Aaron opened his mouth.

“Don’t argue. Just go!” I yelled as I took off into the darkness.

“C’mon. Let him go,” I heard Richard say in the distance.

“Godwin!” I cried, “Creeper! I’m right herrrrre! So where the fuck are you?”

No answer this time. I slowed to a jog, flipping my flashlight around to survey this new area of the factory. I was in a corridor of metal shelves that went at least thirty feet high. It was some kind of storage hall.

“Hey, babe. How’ve you been?” a soft, feminine voice asked from behind me.

I didn’t want to turn around. I knew exactly who I’d see if I did. He was low, so damn low to do this to me.

“Desiree’s dead. You’re not gonna convince me otherwise.”

“Sweetie, look at me,” as her chilled, lifeless hand caressed my cheek and turned me towards her. She looked just as I remembered. Only her eyes seemed different, empty.

I set the light on one of the shelves, pointing it upwards like a lamp, letting it illuminate our surroundings.

“On September 11
th
, I was nowhere near the World Trade Center. Louis had his men abduct me, that very morning. They took me from a subway car as I was getting out. I can’t remember very much—they kept pumping me full of drugs. I’m pretty sure they were holding me prisoner in some part of the sewer, because everything around me was cold and damp and smelled bad.”

“Really? And why the hell would Louis go to all that trouble? If he wanted my allegiance, the best thing for him to do would have been to tell me he had saved you. That you weren’t dead... You’re just one of his projections.”

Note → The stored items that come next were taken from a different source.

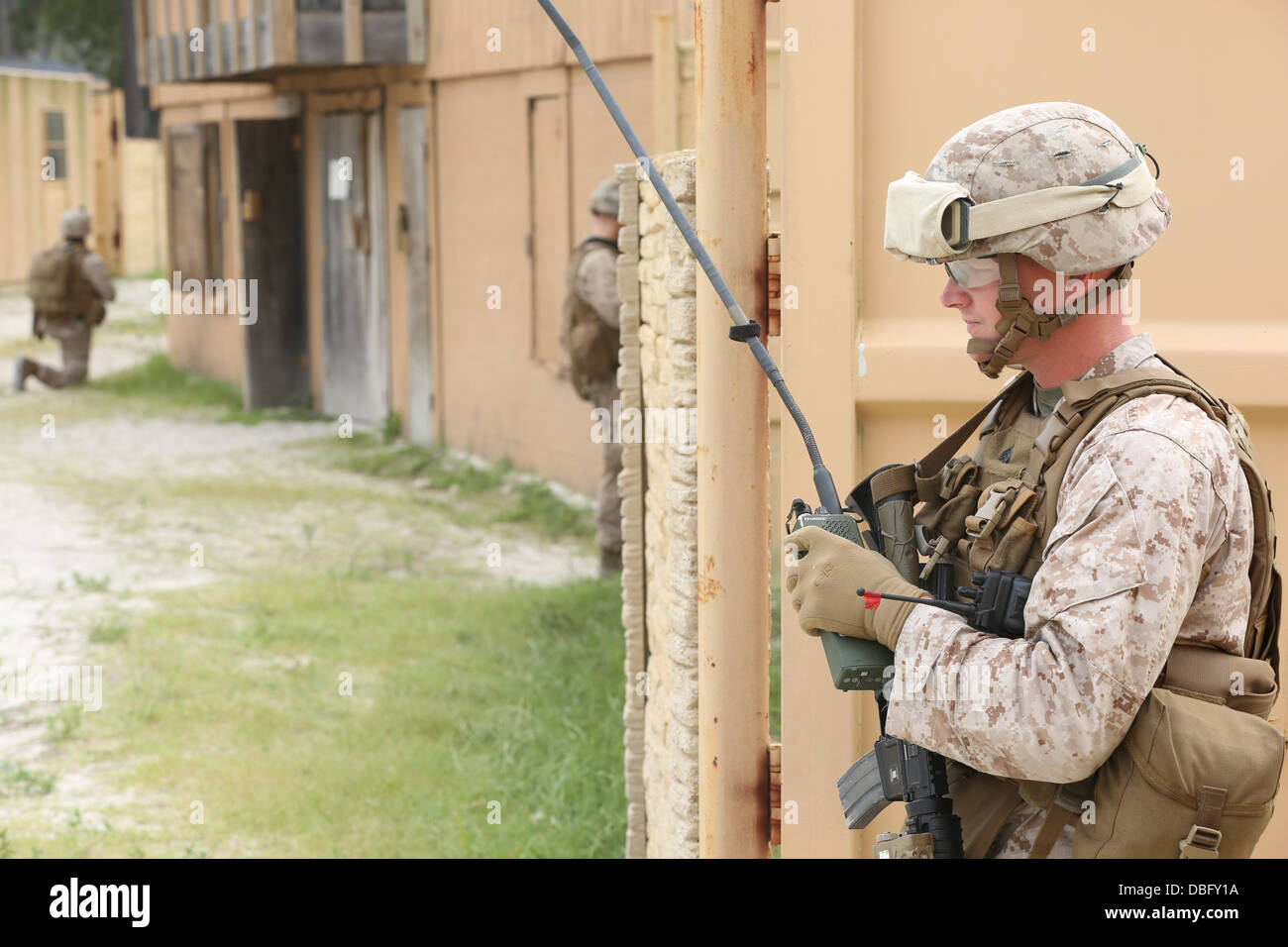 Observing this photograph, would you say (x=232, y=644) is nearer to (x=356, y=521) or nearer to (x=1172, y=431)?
(x=356, y=521)

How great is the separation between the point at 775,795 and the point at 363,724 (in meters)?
3.18

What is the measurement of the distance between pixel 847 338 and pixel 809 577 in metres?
1.06

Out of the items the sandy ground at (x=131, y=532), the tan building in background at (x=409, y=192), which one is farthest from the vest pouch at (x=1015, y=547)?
the tan building in background at (x=409, y=192)

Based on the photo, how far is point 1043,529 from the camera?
2.11 meters

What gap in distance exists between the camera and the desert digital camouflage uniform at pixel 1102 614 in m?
1.92

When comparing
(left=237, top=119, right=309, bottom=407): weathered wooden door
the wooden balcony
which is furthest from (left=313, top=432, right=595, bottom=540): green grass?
the wooden balcony

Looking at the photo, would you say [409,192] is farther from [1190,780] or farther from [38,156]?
[38,156]

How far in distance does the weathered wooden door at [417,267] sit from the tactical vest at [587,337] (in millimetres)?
4790

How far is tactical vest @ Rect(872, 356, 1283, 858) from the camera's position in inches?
81.0

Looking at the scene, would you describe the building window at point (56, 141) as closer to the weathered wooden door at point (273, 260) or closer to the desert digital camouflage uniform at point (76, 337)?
the desert digital camouflage uniform at point (76, 337)

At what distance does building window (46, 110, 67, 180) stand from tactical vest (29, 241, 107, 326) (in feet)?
40.9

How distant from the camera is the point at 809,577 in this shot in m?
2.18

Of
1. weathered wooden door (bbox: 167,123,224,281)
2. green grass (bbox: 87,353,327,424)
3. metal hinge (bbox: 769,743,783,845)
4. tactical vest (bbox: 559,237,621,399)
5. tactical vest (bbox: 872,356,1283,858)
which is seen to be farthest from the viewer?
weathered wooden door (bbox: 167,123,224,281)

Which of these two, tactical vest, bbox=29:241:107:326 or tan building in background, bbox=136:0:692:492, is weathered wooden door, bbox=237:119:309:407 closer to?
tan building in background, bbox=136:0:692:492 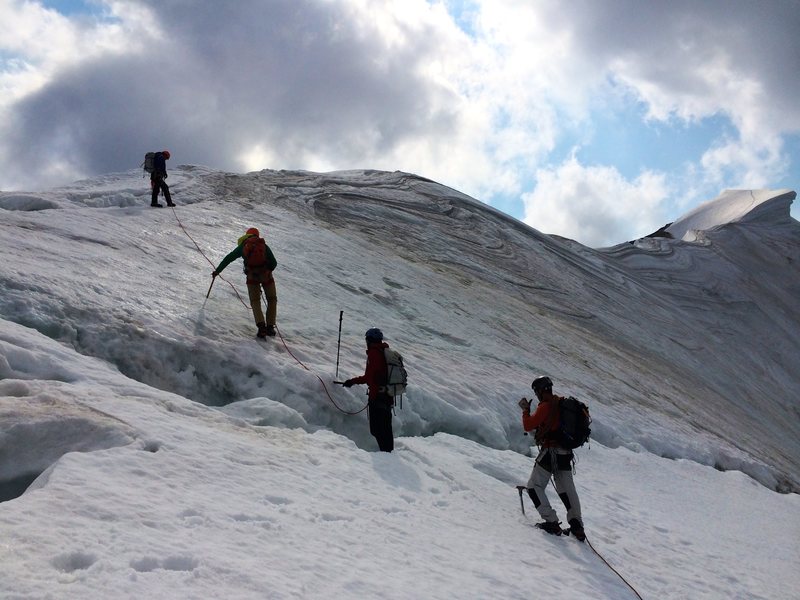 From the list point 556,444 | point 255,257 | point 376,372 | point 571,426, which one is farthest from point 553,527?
point 255,257

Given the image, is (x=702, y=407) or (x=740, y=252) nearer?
(x=702, y=407)

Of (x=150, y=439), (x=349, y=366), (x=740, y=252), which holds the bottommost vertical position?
(x=150, y=439)

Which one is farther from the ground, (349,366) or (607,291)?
(607,291)

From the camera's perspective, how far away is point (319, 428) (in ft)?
34.4

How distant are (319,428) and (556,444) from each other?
10.8 feet

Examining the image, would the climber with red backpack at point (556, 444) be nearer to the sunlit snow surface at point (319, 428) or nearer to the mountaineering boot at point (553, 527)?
the mountaineering boot at point (553, 527)

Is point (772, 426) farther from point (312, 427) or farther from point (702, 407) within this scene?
point (312, 427)

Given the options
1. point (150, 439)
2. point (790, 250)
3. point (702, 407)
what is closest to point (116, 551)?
point (150, 439)

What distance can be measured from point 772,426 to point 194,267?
2066cm

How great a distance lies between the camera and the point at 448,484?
32.7 feet

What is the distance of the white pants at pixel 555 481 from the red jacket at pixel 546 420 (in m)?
0.13

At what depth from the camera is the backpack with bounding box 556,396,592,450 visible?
9367 mm

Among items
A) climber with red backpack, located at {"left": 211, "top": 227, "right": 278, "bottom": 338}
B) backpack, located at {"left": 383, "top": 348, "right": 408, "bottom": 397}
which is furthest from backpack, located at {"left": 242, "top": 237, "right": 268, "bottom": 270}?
backpack, located at {"left": 383, "top": 348, "right": 408, "bottom": 397}

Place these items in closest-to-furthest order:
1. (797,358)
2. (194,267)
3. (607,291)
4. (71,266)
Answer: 1. (71,266)
2. (194,267)
3. (607,291)
4. (797,358) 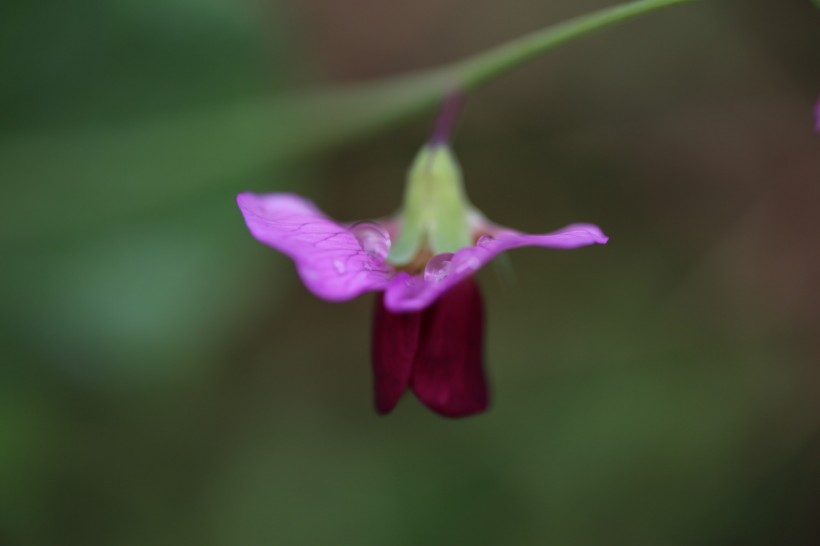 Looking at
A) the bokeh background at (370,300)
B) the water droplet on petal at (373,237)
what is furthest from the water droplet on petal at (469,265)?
the bokeh background at (370,300)

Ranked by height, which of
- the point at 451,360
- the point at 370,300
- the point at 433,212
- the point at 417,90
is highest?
the point at 417,90

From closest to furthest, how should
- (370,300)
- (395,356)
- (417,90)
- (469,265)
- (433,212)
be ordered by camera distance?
(469,265)
(395,356)
(433,212)
(417,90)
(370,300)

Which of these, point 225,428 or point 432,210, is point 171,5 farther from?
point 432,210

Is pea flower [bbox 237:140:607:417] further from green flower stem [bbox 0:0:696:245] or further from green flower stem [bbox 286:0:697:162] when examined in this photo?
green flower stem [bbox 0:0:696:245]

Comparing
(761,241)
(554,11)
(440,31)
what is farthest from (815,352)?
(440,31)

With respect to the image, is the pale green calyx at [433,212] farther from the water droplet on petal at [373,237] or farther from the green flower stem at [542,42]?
the green flower stem at [542,42]

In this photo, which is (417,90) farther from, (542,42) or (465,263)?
(465,263)

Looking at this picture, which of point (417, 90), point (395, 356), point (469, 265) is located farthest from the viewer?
point (417, 90)

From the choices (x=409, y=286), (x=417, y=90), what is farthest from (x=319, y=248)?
(x=417, y=90) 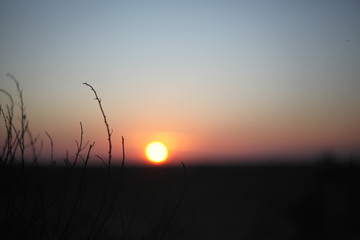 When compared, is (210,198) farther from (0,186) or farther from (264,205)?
(0,186)

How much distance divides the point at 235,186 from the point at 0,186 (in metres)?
36.1

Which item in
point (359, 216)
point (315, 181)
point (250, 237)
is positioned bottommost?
point (250, 237)

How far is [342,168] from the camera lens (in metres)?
29.8

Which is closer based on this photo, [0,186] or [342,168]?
[0,186]

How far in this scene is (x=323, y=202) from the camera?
66.7 feet

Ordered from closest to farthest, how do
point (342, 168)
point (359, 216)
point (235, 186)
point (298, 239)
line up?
point (298, 239), point (359, 216), point (342, 168), point (235, 186)

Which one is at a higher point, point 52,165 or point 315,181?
point 315,181

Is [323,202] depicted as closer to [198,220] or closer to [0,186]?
[198,220]

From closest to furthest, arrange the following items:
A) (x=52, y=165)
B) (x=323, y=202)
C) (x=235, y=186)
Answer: (x=52, y=165)
(x=323, y=202)
(x=235, y=186)

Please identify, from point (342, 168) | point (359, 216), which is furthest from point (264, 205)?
point (342, 168)

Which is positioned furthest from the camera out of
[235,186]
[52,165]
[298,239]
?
[235,186]

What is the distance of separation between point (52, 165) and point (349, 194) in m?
23.5

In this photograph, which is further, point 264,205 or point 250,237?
point 264,205

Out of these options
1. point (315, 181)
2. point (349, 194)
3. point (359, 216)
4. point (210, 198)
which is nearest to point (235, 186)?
point (210, 198) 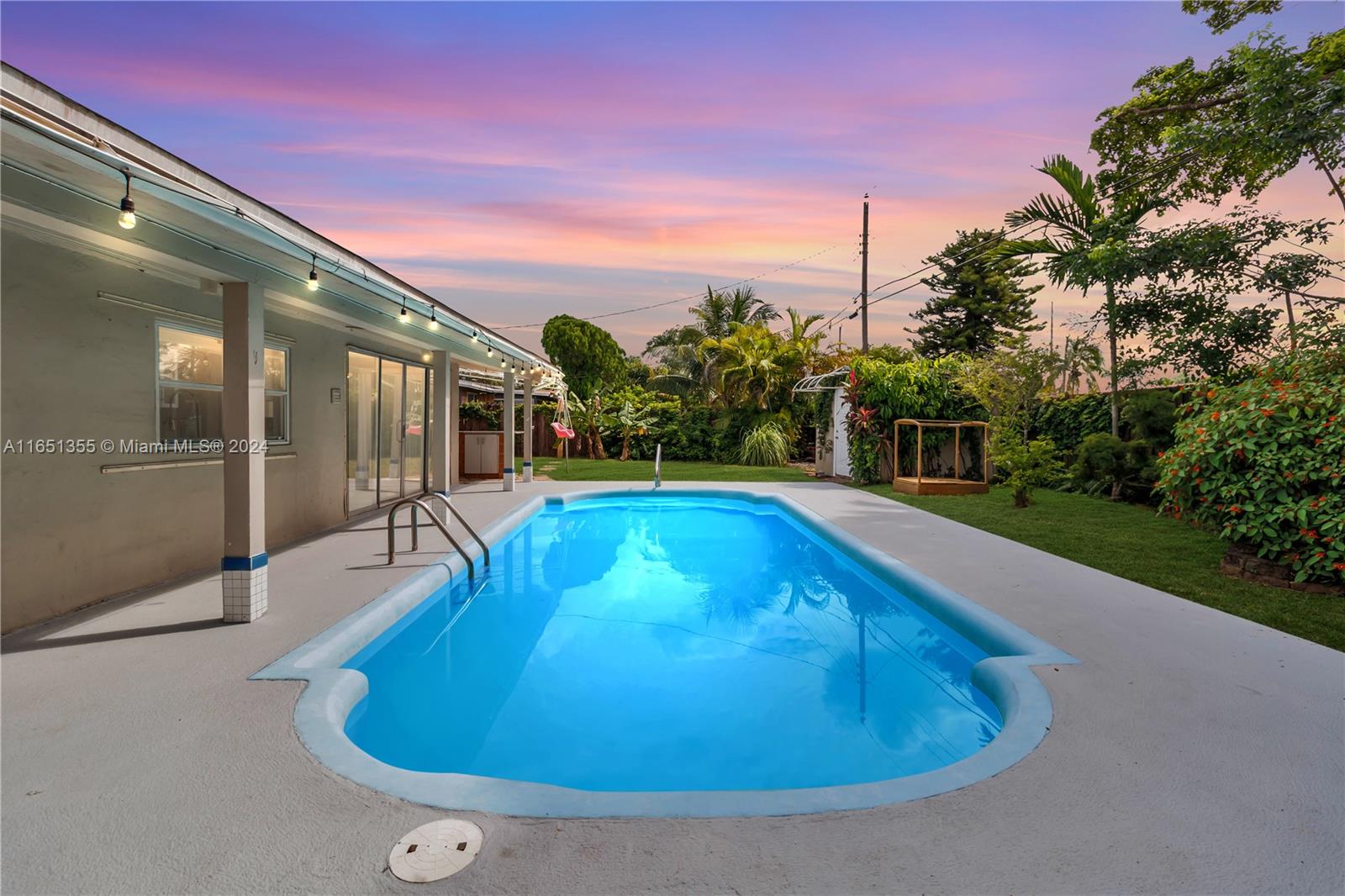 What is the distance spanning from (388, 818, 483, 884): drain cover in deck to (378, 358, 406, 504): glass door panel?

“Is it so hard to believe?” she asked as she bared a pair of fangs that unfolded from the roof of her mouth like Aaron’s. 

“Oh! Now I KNOW this is bullshit! If you knew Dez at all, Louis, you would know she would NEVER consent to a fuckin’ satanic ritual. She loves her God too damn much.”

She pressed a firm finger upon my lips. “He’s lied to both of us if you’ll just listen to me. Please!”

“Listen to her, Jeshua,” Godwin said from behind me as he walked slowly and deliberately up to us, emerging from the darkness, “She’s right. I have lied. I told her you were already a vampire, even showed her images of you on the hunt. She only agreed to participate in the ritual out of her love for you. Isn’t that romantic?”

He smiled then. An asshole grin if I ever saw one.

“She wants to be with you forever,” he continued, “She renounced her God for you, Jeshua! And if that doesn’t say love, then I don’t know what does.”

“We can live out lifetimes together this way!” Desiree’s image insisted.

I wanted so desperately to believe in this lie, that I found myself actually trying to buy into the story. I was trying to see the logic in it, and refute the obvious holes; give it the benefit of the doubt. But then I saw an image. It was placed in the back of my mind by some kind of outside presence. I knew it wasn’t Godwin out of the mere fact that it revealed my own fallacy to me. 

From the back of my mind, riding fast up to the front, was an image of Doris. Doris looking at the blood in my hair on the night her husband was murdered. Doris talking herself into believing the dark maroon stains in my underwear were just the skid marks of a boy who doesn’t wipe well.

“I’m not Doris,” I whispered, “You’re a liar, Louis. I felt my connection with Desiree broken when the North Tower fell. Not only that. I was visited by her fuckin’ ghost that same day!”

“That was actually me,” Godwin stated, “Sorry, but just to seal the deal, I sent that image into your mind just as you were waking.”  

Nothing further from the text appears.